● PROVIDED RECORDS:
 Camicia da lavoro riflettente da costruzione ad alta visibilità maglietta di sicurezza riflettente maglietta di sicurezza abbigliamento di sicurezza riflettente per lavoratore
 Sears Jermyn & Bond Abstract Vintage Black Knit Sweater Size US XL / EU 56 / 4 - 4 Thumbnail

==

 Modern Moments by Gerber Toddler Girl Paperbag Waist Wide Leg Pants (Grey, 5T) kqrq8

--

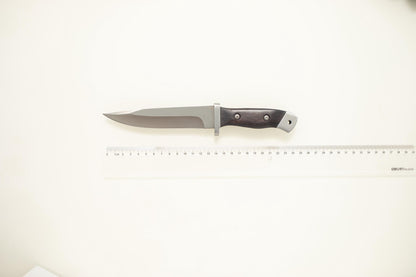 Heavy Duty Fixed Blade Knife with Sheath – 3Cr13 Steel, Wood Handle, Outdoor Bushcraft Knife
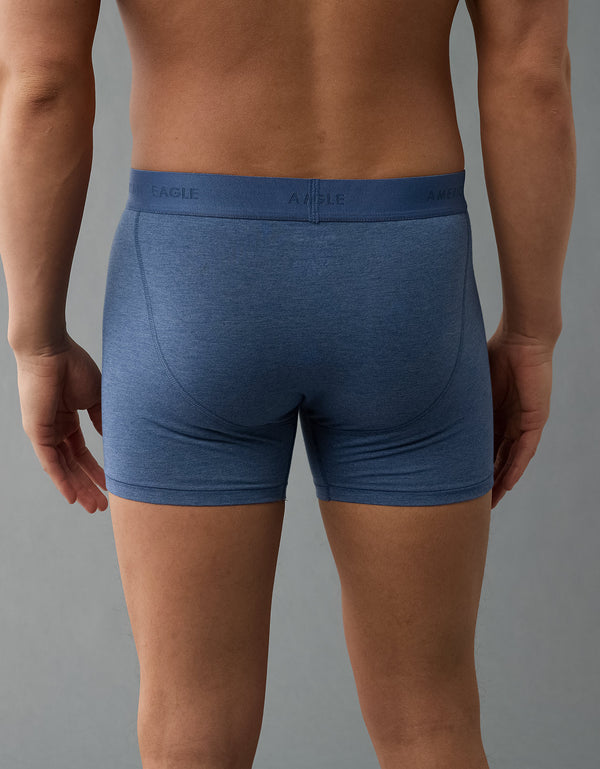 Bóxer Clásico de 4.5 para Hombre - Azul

● THE TASK:
Keep both end lines and retype everything in the records above from the line containing "Camicia da lavoro" through the line containing "Sears Jermyn &", exactly, with nothing else.

● EXPECTED ANSWER:
 Camicia da lavoro riflettente da costruzione ad alta visibilità maglietta di sicurezza riflettente maglietta di sicurezza abbigliamento di sicurezza riflettente per lavoratore
 Sears Jermyn & Bond Abstract Vintage Black Knit Sweater Size US XL / EU 56 / 4 - 4 Thumbnail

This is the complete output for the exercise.